TAKEAWAYS FROM THE GALE
Given the profound effect the knockdown has had on the Figure 8 Project, I’ve thought hard over the intervening months about what I could have done differently. Here are some of my conclusions: 1. Boatspeed: Early in the gale, I put Mo under storm jib alone. This sail is a mere 175ft2, and though I noted how it slowed our progress, I was eager for a conservative sailplan that I could wear throughout the blow. Much storm-management literature is about keeping boatspeed down so as to prevent loss of control and prevent pitch-polling in heavy seas. However, in this case, I think lack of sail may have meant Mo didn’t have the “reserve speed” necessary to move through the troughs without stalling.
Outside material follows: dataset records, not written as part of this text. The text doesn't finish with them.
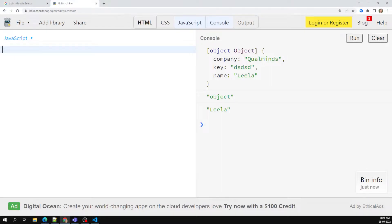The first concept is variable hoisting, also called JavaScript hoisting. Hoisting refers to the process where the JavaScript engine — whether you call it a compiler or interpreter — appears to move the declaration of functions, variables, or classes to the top of their scope.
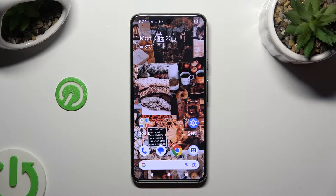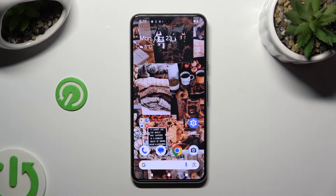Hi! In front of me is Google Pixel 8, and today I would like to show you how you can rename it.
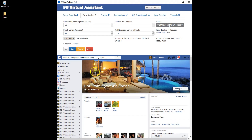Hey guys, it's Nate Jackson and in this video I'm going to show you how to download the groups that you are currently a member of so that you can use those groups to post to.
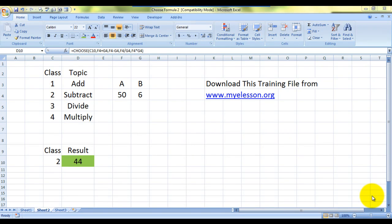Hello everybody and welcome to my e-lesson. I'm Guru, and in this video I'll teach you how to use the CHOOSE formula and how to actually use it to select multiple formulas for you, how to make it do formulas for you.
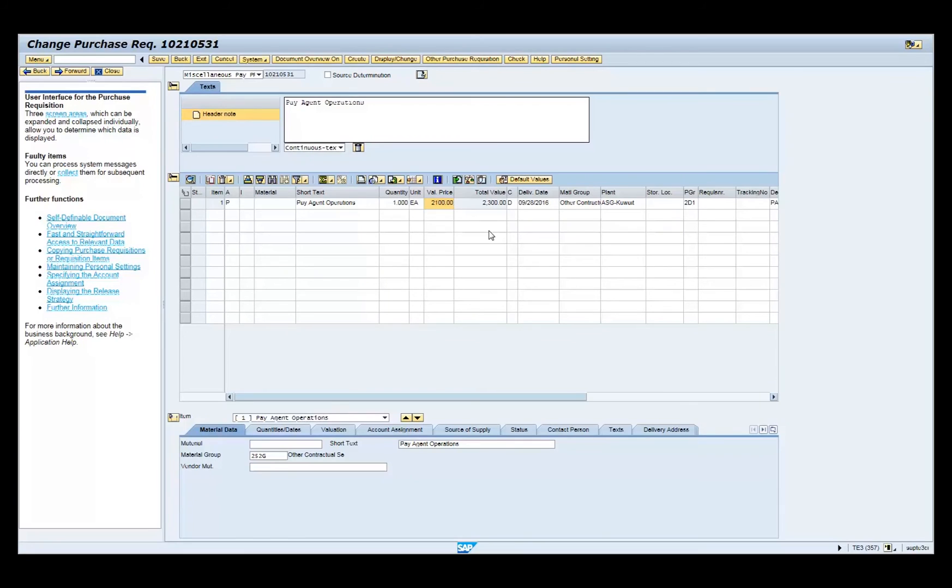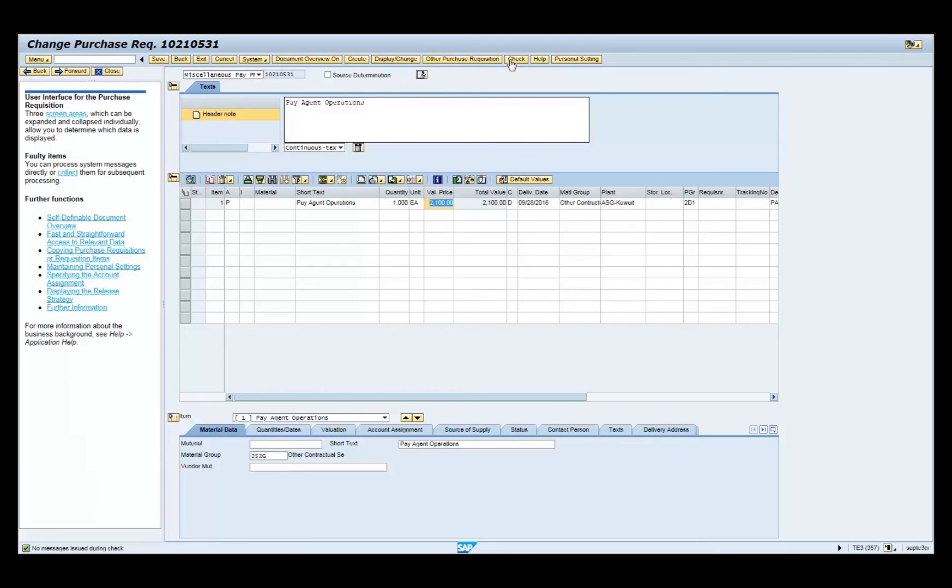Click the Check button on the menu bar for a systematic check of the purchase requisition. Notice the Informational Message is displayed in the Status bar which is in the lower left-hand corner of the screen.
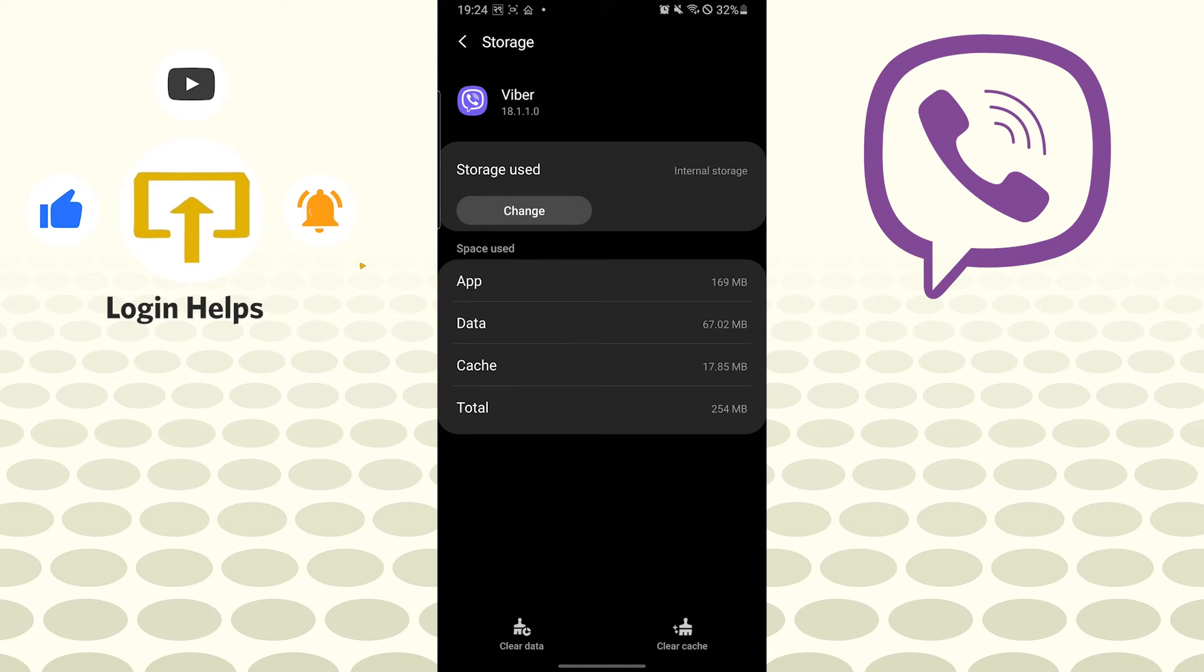But I will not be doing it because I will still want to receive some notifications on Viber. And there guys, this is how you log out of your Viber account on your Android phone.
Without steerage in the troughs, the boat would
naturally begin to round up as she climbed the next peak. Given the big seas and the big break, the result was disastrous. 2. Reading the right indicators: “It’s not the wind we worry about, it’s the seas” is an adage I failed to heed in two ways. First, when I aimed Mo for an area of the low where mean winds were forecast to be 35 knots, I failed to consider the wave height and intensity. The low had been raging for several days and would kick out a swell not necessarily defined by the wind we were going to get. Second, as we were bashed around, I continued to base my decisions on the wind velocities. “We’ve seen so much worse,” I thought to myself, so I let the boat sail on. I should have deployed the drogue as soon as I realized I didn’t have a workable approach to the seas (i.e. after the first knock). This would have stopped the boat with her stern to the worst of it and may have prevented the damaging knockdowns. 3. Emergency gear: Storm windows were on the pre-departure to-do list. But the list was very, very long, and I ultimately set out under out under the Golden Gate Bridge without them. I am Mo’s fourth owner, and each owner has taken the boat into harm’s way. She has been three times around Cape Horn, twice to the Antarctic peninsula and twice through the Northwest Passage. No previous owner has broken a window. I therefore assumed that neither would I. A sound enough rationale—just wrong. 4. Emergency gear maintenance: I had lavished untold care upon the bridle of the Jordan Series Drogue. The drogue came with the boat and had seen plenty of sea time, but the main drogue line and parachutes all looked clean and ready for action. That said, the cover on the bridle was worn, and the eye splices at each end were rock hard and their metal eyes, rusty. I therefore patched the worn cover and replaced the splices and thought it a job well done. As you can imagine, when the splice on the main drogue line failed, I was surprised. In hindsight, though, these splices were as old as those on the bridle, and I should have exercised as much caution with them.